This review may contain spoilers. I can handle the truth.
YouHadMeAtJell-o’s review published on Letterboxd:
This review may contain spoilers.
A deeply profound, thoughtful and moving film about a young black man, Chiron, growing up in Florida while trying to come to terms with being gay. It's a culturally important film that explores masculinity but more specifically sexuality, and how difficult it must be for black men (and ultimately men of any ethnicity in similar social and economic situations) to be themselves when expected to fit the particular bills of gangster or "hard" (and not in the way that feels good).
It joyfully manages to subvert stereotype and expectations while refusing to ignore the reality of Chiron's situation. There is a problem with education and ultimately acceptance in some socio-political western societies, but the acknowledgement that everyone in this world isn't a thug, be it dealer or addict, is what gives it its strong sense of realism. Much of that comes from Mahershala Ali's fleeting but no less memorable turn as Juan who becomes a father figure to a young Chiron. He might be a drug dealer who looks rather intimidating in the sort of way that you'd see his mugshot on a 'scare you straight' leaflet, but in reality he's thoughtful, intelligent, and whatever your relative moral code may be, despite the fact that he's a drug dealer I would argue that he is good. His no-nonsense acceptance of Chiron's sexuality is heartening but impeccably blighted by guilt and shame at the same time for his own life, highlighting how every scene has so many different layers, just how every moment of reality does.
But other than being important, it's a brilliantly made film. As the opening long take shows us that even though this is a film high on realism, that doesn't mean it can't look beautiful at the same time. Many social realism dramas go for an overly gritty look with a colour damaging filter to expose the hopelessness of these worlds, which is sometimes a good choice, but instead here Barry Jenkins and his cinematographer, James Laxton, manage to find the beauty in this world, tinged with a heavily blue and purple colour palette basking in moonlight.

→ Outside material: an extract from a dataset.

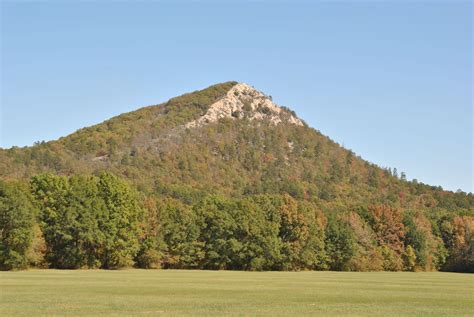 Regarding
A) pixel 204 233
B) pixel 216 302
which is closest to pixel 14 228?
pixel 204 233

It's not a film for everyone (I saw two people walk out of my screening about two-thirds of the way in when there was only about ten people in attendance from the start), and I don't just mean for racists or homophobes. Splitting the narrative into three periods of Chiron's life means that some moments in his life aren't given so much development, such as his time in juvenile hall. It would be satisfying to know how Juan died, but conversely perhaps for some it may be more satisfying to leave it to the imagination - being a young and seemingly healthy man it can only be presumed that his death was as a heartbreaking result of his drug dealing status.
This is also undoubtedly because Ali's performance was so brilliant, deserving of the Oscar even though he wasn't in the film for very long (although his character's presence was long felt). Having still not watched Marvel's Luke Cage, I'm even more excited to start it upon discovering that Ali plays the antagonist, because I must admit that I wasn't too keen on his role in Hidden Figures (which is more of a problem with the writing rather than his performance).
I can't wait to see what Ali does in the future, as with the rest of the stunning cast. The casting of the three young Chiron's was perfect. Instead of worrying too much about whether they all looked identical (especially when it comes Trevante Rhodes' ripped adult), Jenkins instead made the right decision in making sure they could all act. Rhodes specifically stood out - in Atlanta an intimidating, confident guy; in Miami faced with his childhood crush all of a sudden he looks just like the character and Ashton Sanders did as a teenager - all nerves and self-doubt, where even the shy smile remains the same, despite the change in actors.
I've now seen every film nominated for Best Picture at these Oscars, and it's nice to be able to say that there wasn't one that I didn't enjoy. It was a great year for cinema, and although my personal favourite of the bunch was Arrival, Moonlight is without a doubt a worthy a winner.